# GEF Kanäle



## Guest (28. Jan 2008)

hallo an alle,

ich bin gef anfänger und möchte gerne ein kanal/rohr modellieren, dass flüssigkeit von einem device zum andern transportieren soll...die devices sind im moment einfach quadrate und die kanäle PolylineConnections und vom prinzip funktionierts auch, jetzt sitze ich seit ein paar tagen an nem problem zu dem mir verschiedene ansätze eingefallen sind, jedoch keiner funktioniert. ich möchte nämlich, wie bei kanälen üblich, die connections nicht als einfach polyline zeichnen.
meine ansätze waren:
1. im editpart des kanals zusätzlich eine polyline zeichnen, die sich in refreshvisuals immer wieder auf die polyline legt.
jedoch funktioniert die translation irgendwie nich, ausserdem hätte ich dann probleme beim drag&drop der connection bendpoints.
2. eine kanalklasse von polyline erben lassen und eine seele(einfache polyline) als attribut hinzufügen. jedoch hab ich keine ahnung wie ich dem updatemanager klar machen kann, dass er die mit zeichnen soll.

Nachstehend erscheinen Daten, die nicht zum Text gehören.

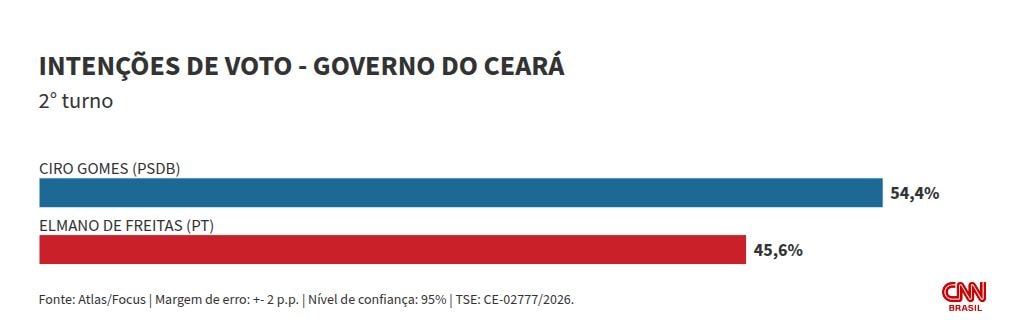 Atlas/Focus: Ciro tem 54,4% no 2º turno ao governo do CE; Elmano, 45,6%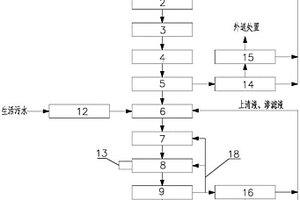 苯并噁嗪樹脂生產(chǎn)廢水處理系統(tǒng)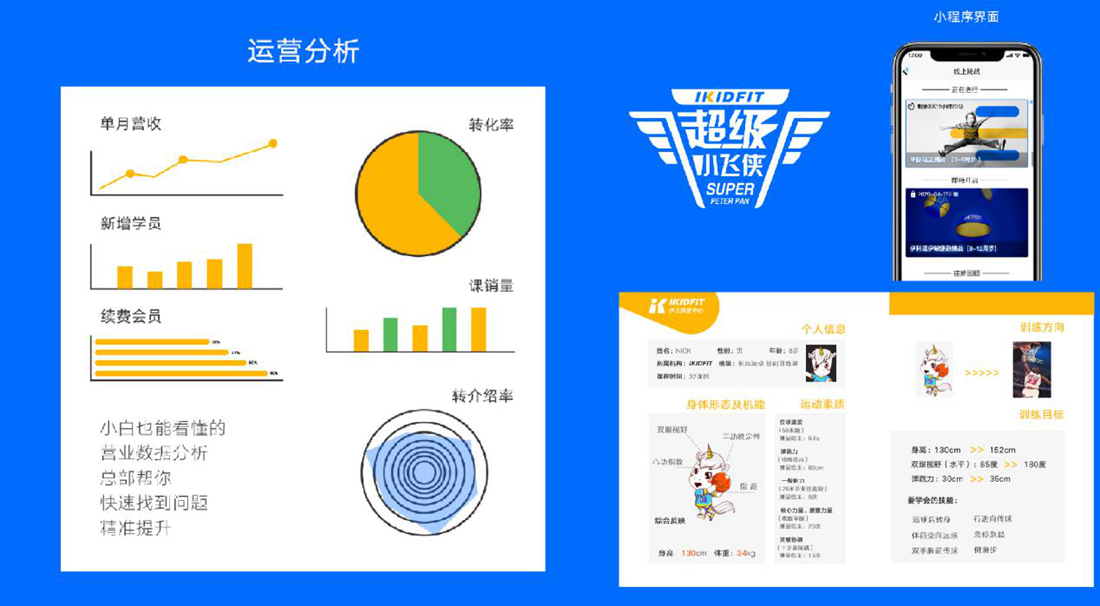 IKIDFIT品牌重磅升级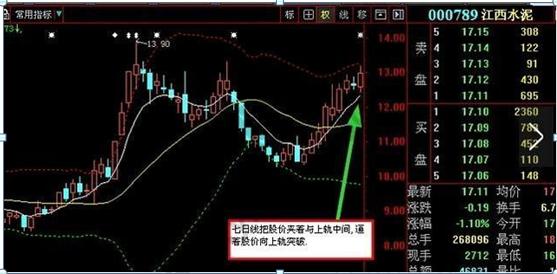 宝塔线选股指标_Boll指标线与7日均线短线操作战法_布林线三线选股技巧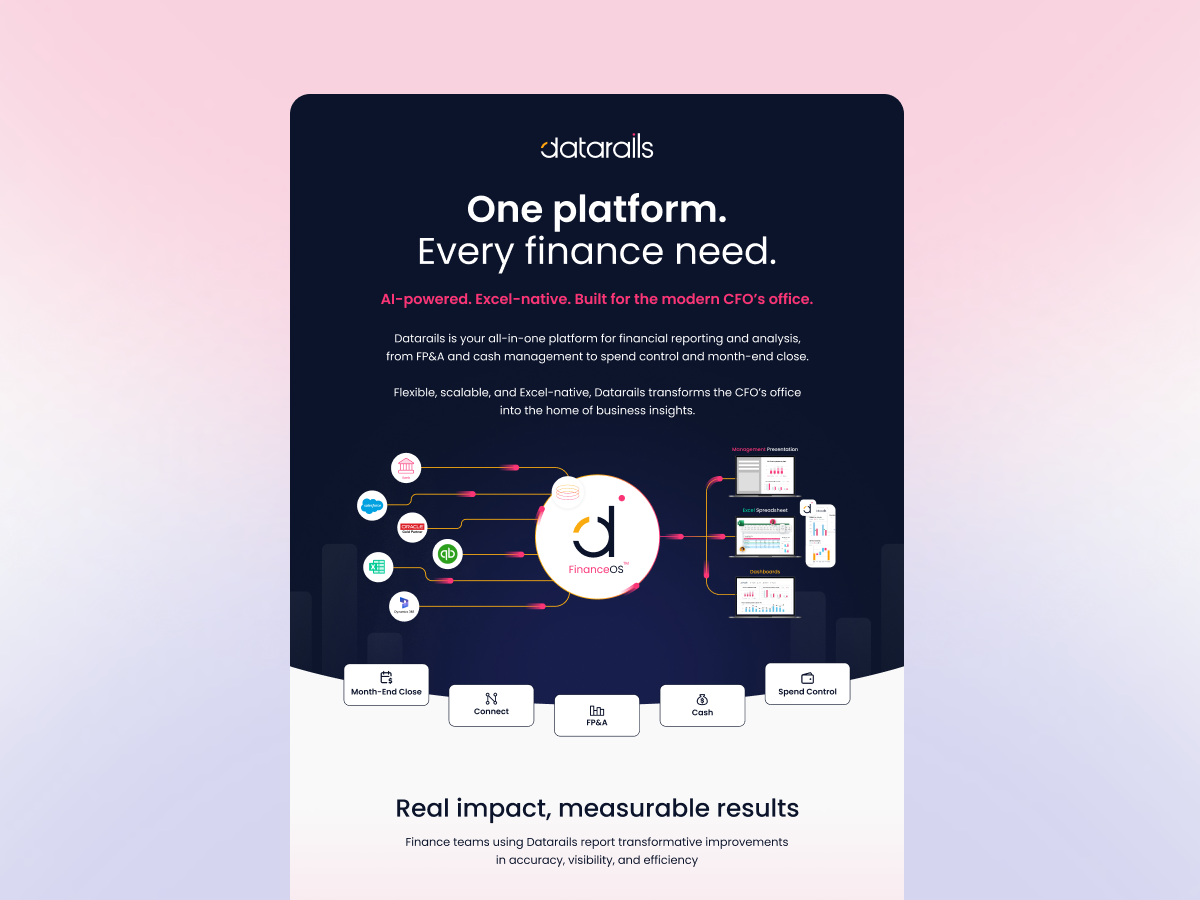 Datarails — one-pager document design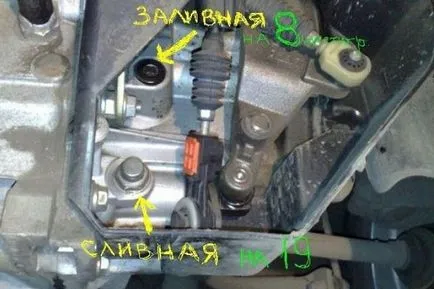 Hogyan helyére olaj kézi kapcsolású sebességváltó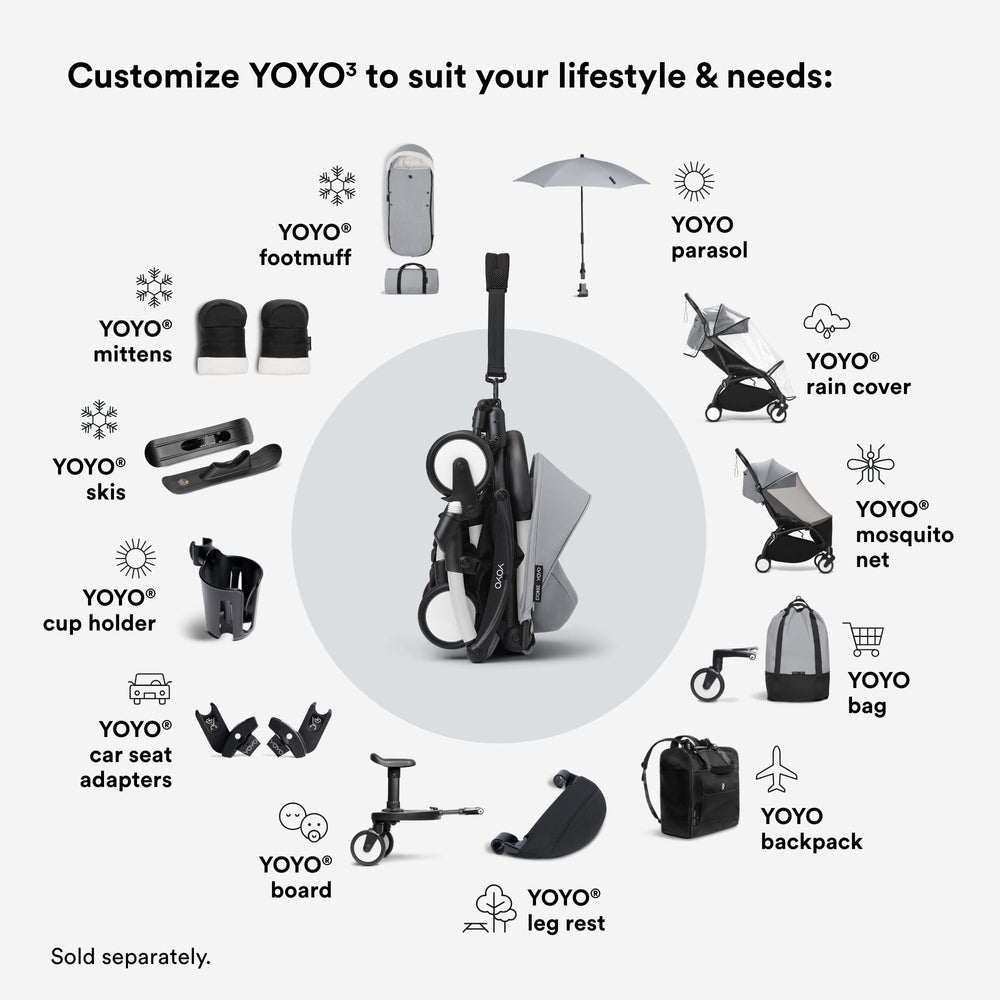 Stokke YOYO 6+ Stone compatibility with YOYO2 and YOYO3 frames.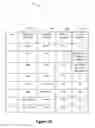 Fig. 13 - Multiple inspection system and method that inspects different medications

...das waren auch schon meine ideen, wie gesagt ich bin anfänger, vielleicht kann mir jmd von euch einen ansatz geben.

danke im voraus

daniel


----------



## Wildcard (28. Jan 2008)

Anonymous hat gesagt.:
			
		

> die connections nicht als einfach polyline zeichnen.


Sondern?


----------



## paradox (28. Jan 2008)

ja...das ist die frage, entweder man zeichnet 2 polylines mit nem gewissen abstand, oder ein rectangle mit white als backgroundcolour, oder man erbt von polylineconnection und verändert irgendwie die zugrunde liegende figure.
ich dacht das hätte ich in meinen ansätzen beschrieben...ich weiß halt nich was am besten geeignet ist und ob man überhaupt so nen aufwand betreiben muss.
also prinzipiell will ich einfach nur nen kanal erstellen der per router definiert wird. wie man das am besten hinbekommt
weiß ich nich und die versuche, die ich angestrengt hab sind kläglich gescheitert.
ich möchte halt nur gern an dem router mechanismus von gef festhalten, deswegen ja der umweg über connections, sonst könnte ich wirklich einfach rectangles zeichnen.

daniel


----------



## Wildcard (28. Jan 2008)

Überschreib doch die paintFigure der Connection-Figure und zeichne dort was du sehen möchtest


----------



## paradox (24. Feb 2008)

hi,
ich habe in der paintFigure() jetzt ein kleineres Rectangle gezeichnet in weiß, so bekomm ich dann meinen kanal...danke

mit dem aufbau des szenarios klappt jetzt alles super, jetzt möchte ich aber gerne eine simulation starten und in dieser soll flüssigkeit durch den kanal laufen. die flüssigkeit wollte ich jetzt ebenfalls in paintFigure() zusätzlich in den Kanal zeichnen, dazu setze ich über einen EditPart alle 200ms einen prozentwert für den füllstand des kanals, den ich dann neu zeichnen möchte, jedoch bekomm ich nich raus wie ich das erreichen kann.. ich habe verschieden kombination von repaint() über invalidate() und getUpdateManager().performUpdate() ausprobiert.
die paintFigure() methode wird aber nicht zu den gewünschten zeitpunkten (alle 200 ms) aufgerufen.

was mache ich falsch oder wie sollte ich es besser machen?
danke.

daniel


----------



## paradox (25. Feb 2008)

on top ^^


----------